Die FDP-Gruppe in der Kommission für Rechtsfragen konnte sich mit Artikel 317 in der Fassung des Bundesrates nie richtig anfreunden. In der Zwischenzeit beantragt der Bundesrat selber die Streichung seines eigenen Vorschlags, den nun aber eine Minderheit übernommen hat. Die ursprüngliche Fassung des Bundesrates hat den eklatanten Mangel, dass die Mediationstauglichkeit der Fälle nicht definiert ist. Die ständerätliche Fassung ist insofern untauglich, als sie die Einführung der Mediation dem Belieben der Kantone überlässt und in diesem Bereich wieder "Kantönligeist" schafft, was nun wirklich zu vermeiden ist, nachdem das Strafprozessrecht vereinheitlicht werden soll.

Aufgrund dieser unbefriedigenden Situation hat sich die Kommission auf Antrag der FDP-Gruppe einen Vorschlag ausarbeiten lassen, der sich an der Lösung der Zürcher StPO orientiert. Dort werden nämlich die mediationstauglichen Fälle bezeichnet und die Kostenfolgen mindestens ansatzweise geregelt. Die Beratung ergab dann aber, dass die Zürcher Lösung nicht eins zu eins ins Bundesrecht übernommen werden kann. So überlässt sie zum Beispiel die Bezeichnung der Fälle, in denen begründete Aussicht besteht, dass eine Strafmediation zwischen dem Angeschuldigten und dem Geschädigten zu einem Ausgleich des bewirkten Unrechts durch Wiedergutmachung führt, der Regelung durch eine Verordnung des Regierungsrates.
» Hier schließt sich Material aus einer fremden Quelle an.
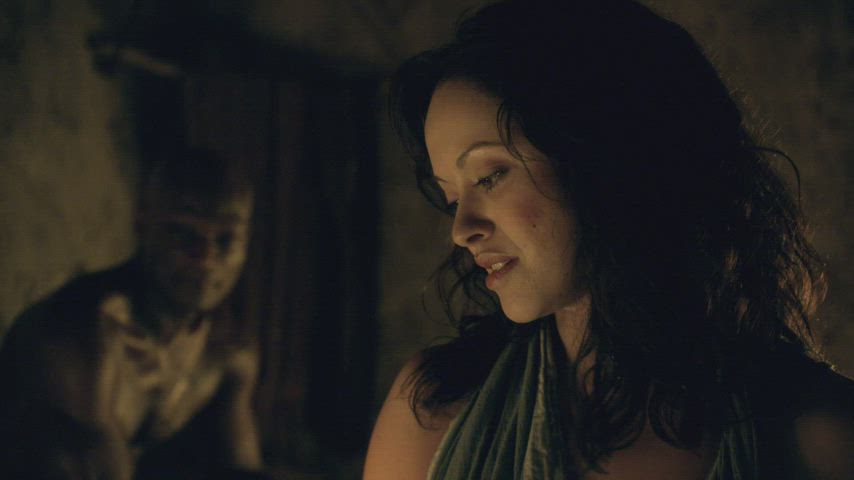 Marisa Ramirez showing her nice plots and backstory in 'Sparticus: Gods of the Arena'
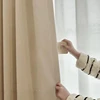 Thickened Cotton Linen Blackout Curtains for Bedroom Dining Luxury Modern Customized Thermal Insulation Window Tulle 3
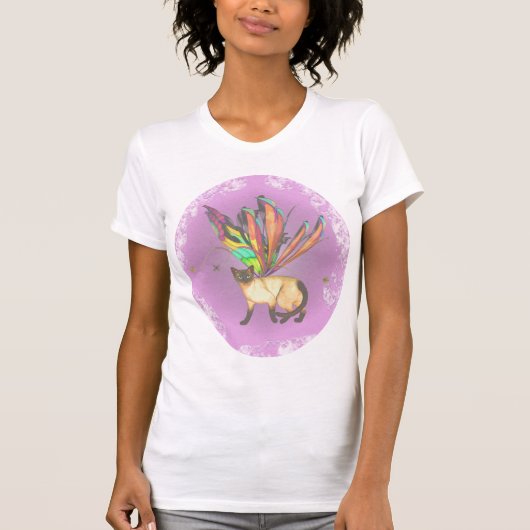 Série un T-shirt 6 de Fae Kitty de 6 (Devant)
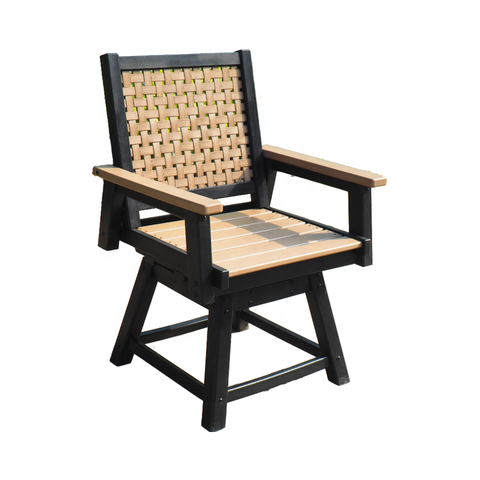 Minimalist Modern Outdoor Swivel Chair Dining Set for Garden Chair for Restaurant Garden Furniture Tavoli Sedie Rattan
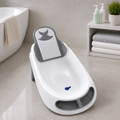BABY BATH TUB WITH CUSHION SUPPORT - GREY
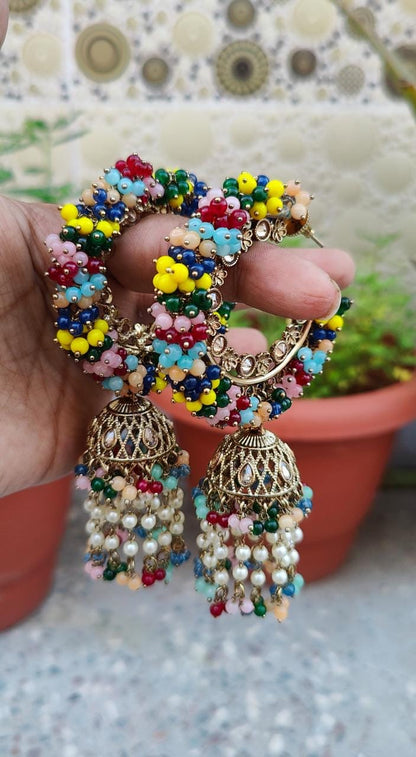 Sanita Oversized Polki Earrings
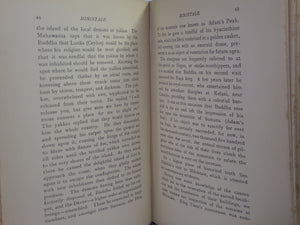 THE RUINED CITIES OF CEYLON BY HENRY W. CAVE 1907 FOURTH EDITION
Auf Bundesebene geht das natürlich nicht. Der Bundesrat kann nicht solche Definitionen auf dem Verordnungsweg vornehmen, die dann für die Kantone verbindlich sind. Was in Zürich der Regierungsrat regelt, müsste innerhalb der eidgenössischen StPO der Regelung durch die Kantone überlassen werden, und damit hätten wir wieder uneinheitliche statt einheitlicher Lösungen.
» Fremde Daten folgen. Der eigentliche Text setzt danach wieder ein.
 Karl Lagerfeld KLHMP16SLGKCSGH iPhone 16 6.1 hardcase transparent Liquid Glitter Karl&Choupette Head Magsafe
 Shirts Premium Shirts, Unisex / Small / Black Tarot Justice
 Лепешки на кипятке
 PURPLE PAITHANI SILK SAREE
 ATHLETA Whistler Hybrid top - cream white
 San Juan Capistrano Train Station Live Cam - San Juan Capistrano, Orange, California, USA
Die Kantone haben denn auch Widerstand gegen die Einführung der obligatorischen Strafmediation angemeldet; allerdings geht es da in erster Linie um die Kosten. Die Zürcher Strafprozessordnung sieht die Erhebung einer Pauschalgebühr vor und verlangt dafür vom Angeschuldigten die Leistung eines angemessenen Kostenvorschusses. Die Ansätze dieser Gebühr musste aber der Regierungsrat durch Verordnung regeln. Auf eidgenössischer Ebene kann natürlich auch hier nicht in einer bundesrätlichen Verordnung die Kostentragungspflicht, die dann für die Kantone verbindlich wäre, geregelt werden. Mediationskosten sind grundsätzlich Verfahrenskosten, welche bekanntlich nach Massgabe des Obsiegens auferlegt werden. Wenn also ein Freispruch erfolgt, trägt die Privatklägerschaft die Kosten; wenn ein Schuldspruch erfolgt, trägt sie die verurteilte Person. Hier stellt sich dann sofort die Frage, wer dann bei Zahlungsunfähigkeit des Schuldigen bezahlt. Wenn eine Mediation erfolgreich verläuft, müssten die Kosten in der Regel vom Bund oder vom Kanton getragen werden. Denn es geht nicht an, dass nur dann eine Strafmediation durchgeführt wird, wenn sich die beschuldigte Person verpflichtet, die Kosten zu übernehmen. Das würde dazu führen, dass sich nur Personen in guten finanziellen Verhältnissen eine Mediation leisten könnten und dadurch in den Genuss der ganzen oder teilweisen Einstellung des Verfahrens kämen. Der Bundesrat macht geltend, dass die Mediation, verglichen mit dem formellen Strafverfahren, dreimal höhere Kosten und eine längere Prozessdauer verursache. Was die Kosten betrifft, wird dies durch die Evaluation des Zürcher Pilotprojektes 2006 bestätigt; die Dauer des Mediationsverfahrens hingegen entspricht gemäss diesem Bericht der Dauer des Strafprozesses. Vor allem kam in 90 Prozent der mediationstauglichen Fälle eine Vereinbarung zustande, wobei es nicht nur um Bagatellen ging. So positiv also dieses Instrument grundsätzlich wäre, wollen wir es den Kantonen nicht aufzwingen und sie zur Schaffung eines entsprechenden Apparates verpflichten.